Questions about the implementation

Question

Questions about the implementation

hai-h-nguyen opened this issue a year ago · comments

Hi Marco,

I understand the need for the memory for the first transformer block, but I would like some help understanding the need for later memory blocks.

Given the first block containing past episodes, you can sample a bunch of episodes and use them as the input to update the policy and the value function without remembering intermediate results (such as the input for the second transformer block of those episodes in the past).

Another thing is for the first memory block, why don't you store raw observations instead of the embedded observations? A potential issue is that when updating the policy and the value function, the embedding layers will be updated (which can be very different from those used during data collection). This might make the off-policyness worse.

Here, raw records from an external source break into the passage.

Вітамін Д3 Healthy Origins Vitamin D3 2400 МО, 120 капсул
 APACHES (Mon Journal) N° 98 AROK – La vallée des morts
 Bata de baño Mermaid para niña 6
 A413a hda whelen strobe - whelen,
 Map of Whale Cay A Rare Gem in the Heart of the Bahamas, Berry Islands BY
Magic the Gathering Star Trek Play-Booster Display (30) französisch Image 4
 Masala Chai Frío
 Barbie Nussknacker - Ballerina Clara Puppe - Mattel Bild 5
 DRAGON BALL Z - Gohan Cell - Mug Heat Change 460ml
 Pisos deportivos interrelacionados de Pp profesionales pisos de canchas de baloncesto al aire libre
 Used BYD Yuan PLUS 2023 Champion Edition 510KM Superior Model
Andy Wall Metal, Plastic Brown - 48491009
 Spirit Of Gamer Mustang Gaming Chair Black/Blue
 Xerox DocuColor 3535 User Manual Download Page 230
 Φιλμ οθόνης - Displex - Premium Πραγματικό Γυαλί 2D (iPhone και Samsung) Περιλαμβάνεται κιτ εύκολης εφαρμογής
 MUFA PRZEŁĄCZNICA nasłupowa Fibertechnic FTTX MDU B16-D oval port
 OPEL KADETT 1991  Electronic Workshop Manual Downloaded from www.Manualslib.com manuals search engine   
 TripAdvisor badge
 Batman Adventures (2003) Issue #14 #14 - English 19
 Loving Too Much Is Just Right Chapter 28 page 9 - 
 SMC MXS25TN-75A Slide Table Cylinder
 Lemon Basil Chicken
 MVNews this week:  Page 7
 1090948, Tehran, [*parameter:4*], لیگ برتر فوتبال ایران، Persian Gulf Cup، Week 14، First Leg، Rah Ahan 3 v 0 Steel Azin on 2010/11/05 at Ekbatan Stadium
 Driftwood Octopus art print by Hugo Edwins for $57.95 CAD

Marco Pleines · Answer 1 · Thu May 04 2023 02:36:08 GMT+0800 (China Standard Time)

Hi!

We need the external memory for all transformer blocks, because we utilize the transformer as a sequence-to-one model.

We don't use raw observations because of a much larger memory overhead. This implementation is already costly. Because of utilizing past activations TrXL has an infinite context length. This would not be possible with raw observations.

Hai Nguyen · Answer 2 · Thu May 04 2023 09:59:20 GMT+0800 (China Standard Time)

Hi, thanks for the answer. Without the external memory, I think the transformer is still a sequence-to-one model. For TrXL, it seems the authors had to use relative positional encoding to train it properly, but you make it optional. Can you explain that part?

Also, you seem to constrain the keys and the values to be the same for the TransformerBlock, as in https://github.com/MarcoMeter/episodic-transformer-memory-ppo/blob/main/transformer.py#L249. Is there any reason for that?

Thank you!

Marco Pleines · Answer 3 · Thu May 04 2023 11:55:40 GMT+0800 (China Standard Time)

Without the external memory, I think the transformer is still a sequence-to-one model

Then you would need a forward loop in the forward pass that severely hurts performance.

Positional encoding is only needed if the order of time is relevant. In Minigrid Memory, there is one cue to be memorized. However, it is not important when the cue was observed.

Is there any reason for that?

That's the concept of self-attention.

Hai Nguyen · Answer 4 · Tue May 09 2023 09:34:35 GMT+0800 (China Standard Time)

Hi Marco,

Out of curiosity, did you benchmark against the implementation of PPO-Attention of the RLLib? https://github.com/ray-project/ray/blob/master/rllib/examples/attention_net.py.

Marco Pleines · Answer 5 · Tue May 09 2023 18:49:46 GMT+0800 (China Standard Time)

I struggled with Rllib. I got weird outputs when running on Memory Gym environments.